Getting Elasticsearch exception while indexing using Python script

Hello All

I am trying read, parse and index a html file using the below python script.

from elasticsearch import Elasticsearch 
from bs4 import BeautifulSoup
import glob

es=Elasticsearch([{'host':'ip-address','port':9200}])

def remove_tags(html):

        # parse html content
        soup = BeautifulSoup(html, "html.parser")

        for data in soup(['style', 'script']):
                # Remove tags
                data.decompose()

        # return data by retrieving the tag content
        return ' '.join(soup.stripped_strings)

path = 'path_of_html_file'
files=glob.glob(path)
for file in files:
   fname = open(file, 'r')
   e1 = remove_tags(fname)
   res = es.index(index='ep1',doc_type='employee',id=1,body=e1)

While executing the above script on my linux ec2, i am getting below error.

/usr/local/lib/python2.7/dist-packages/elasticsearch/connection/base.py:208: ElasticsearchWarning: the default number of shards will change from [5] to [1] in 7.0.0; if you wish to continue using the default of [5] shards, you must manage this on the create index request or with an index template
  warnings.warn(message, category=ElasticsearchWarning)
Traceback (most recent call last):
  File "readMount_Parse_Index.py", line 25, in <module>
    res = es.index(index='ep1',doc_type='emp',id=1,body=e1)
  File "/usr/local/lib/python2.7/dist-packages/elasticsearch/client/utils.py", line 168, in _wrapped
    return func(*args, params=params, headers=headers, **kwargs)
  File "/usr/local/lib/python2.7/dist-packages/elasticsearch/client/__init__.py", line 411, in index
    body=body,
  File "/usr/local/lib/python2.7/dist-packages/elasticsearch/transport.py", line 415, in perform_request
    raise e
elasticsearch.exceptions.RequestError: RequestError(400, u'mapper_parsing_exception', u'not_x_content_exception: Compressor detection can only be called on some xcontent bytes or compressed xcontent bytes')

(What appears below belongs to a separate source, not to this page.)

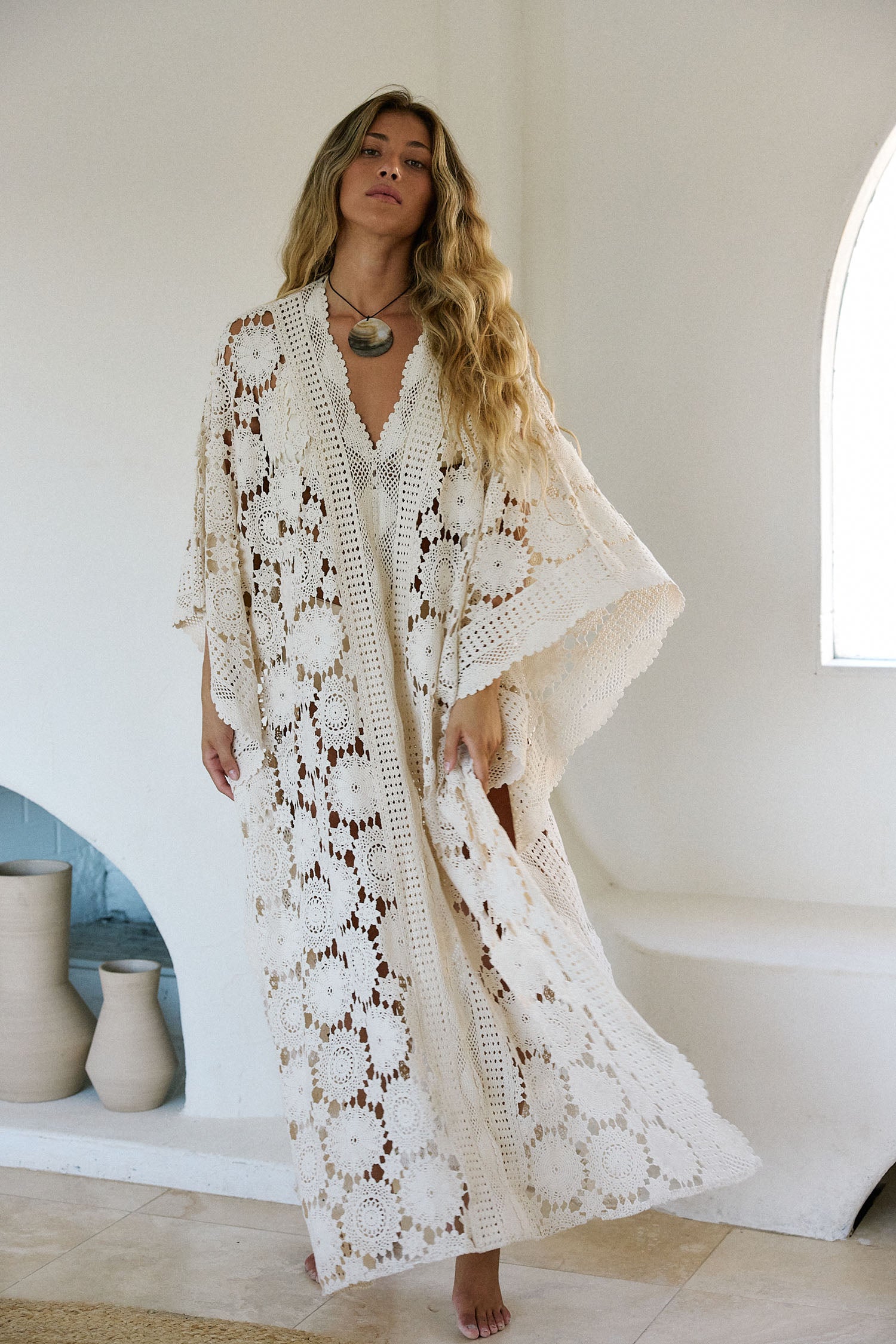 専用です◎STAR MELA CAFTAN ブラウス Elise Caftan – bella tu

Can somebody help me out on this if faced the same issue before.

Thanks!

@Badger Hello Badger could you please help me on this issue.

please refrain from pinging people directly (and then also over the weekend). This is a community forum and folks will chime in to help if there is a good reproducible use-case :slight_smile:

It looks to me as if you are not creating a JSON object to be indexed into Elasticsearch but try to send raw text data. You need to send JSON to Elasticsearch.

This topic was automatically closed 28 days after the last reply. New replies are no longer allowed.